### DATA UNDER STUDY

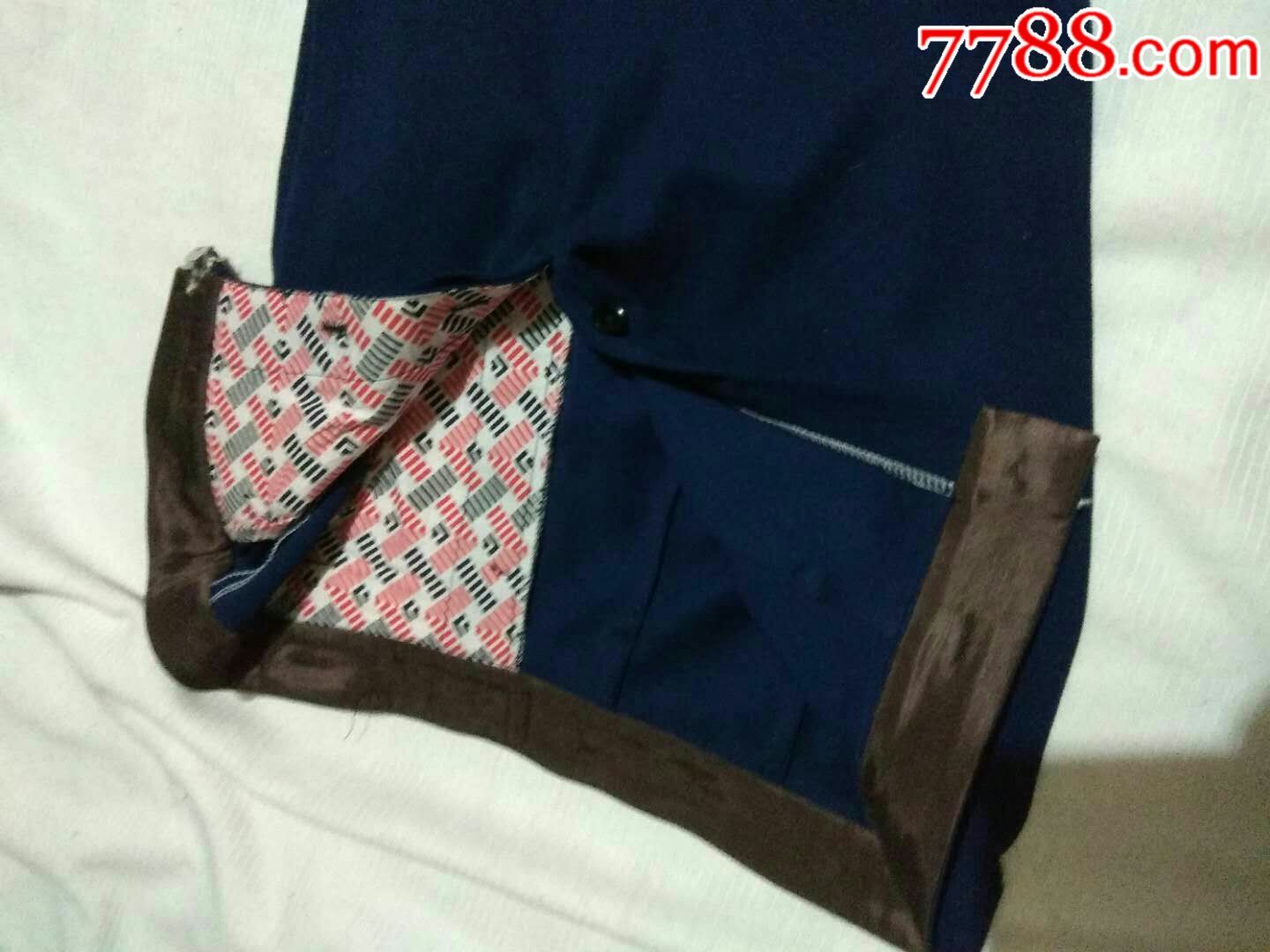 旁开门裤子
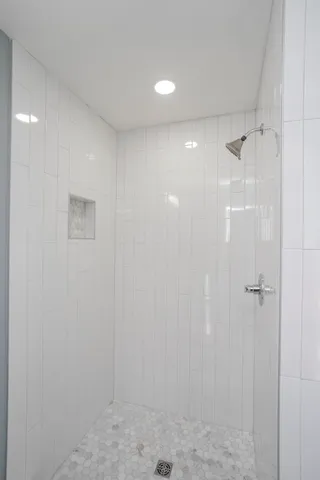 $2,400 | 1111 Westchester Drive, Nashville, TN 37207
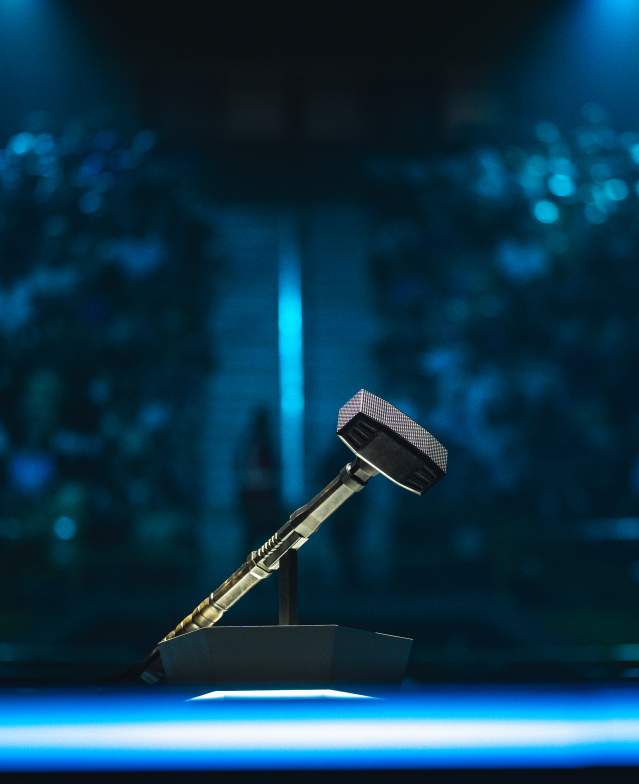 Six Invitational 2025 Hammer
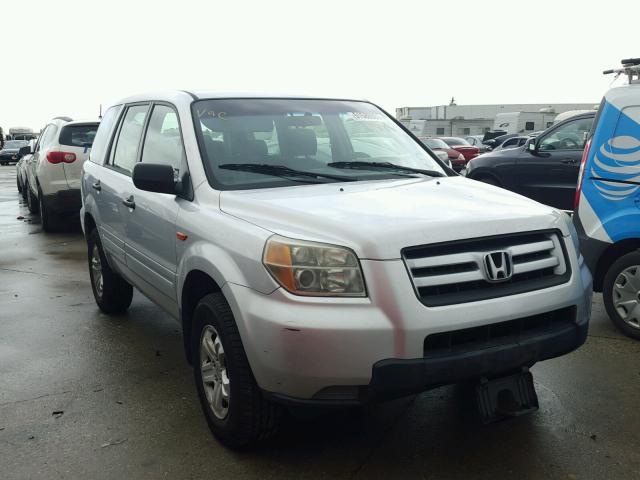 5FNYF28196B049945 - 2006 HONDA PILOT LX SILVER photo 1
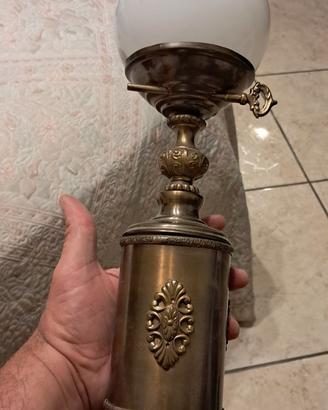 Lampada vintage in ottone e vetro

######

### WHAT TO WORK ON
Restate, word for word, each line from the one with "5FNYF28196B049945 - 2006" to the end of the entries, both included, and keep every picture out.

### ANSWER TO THE EXERCISE
 5FNYF28196B049945 - 2006 HONDA PILOT LX SILVER photo 1
 Lampada vintage in ottone e vetro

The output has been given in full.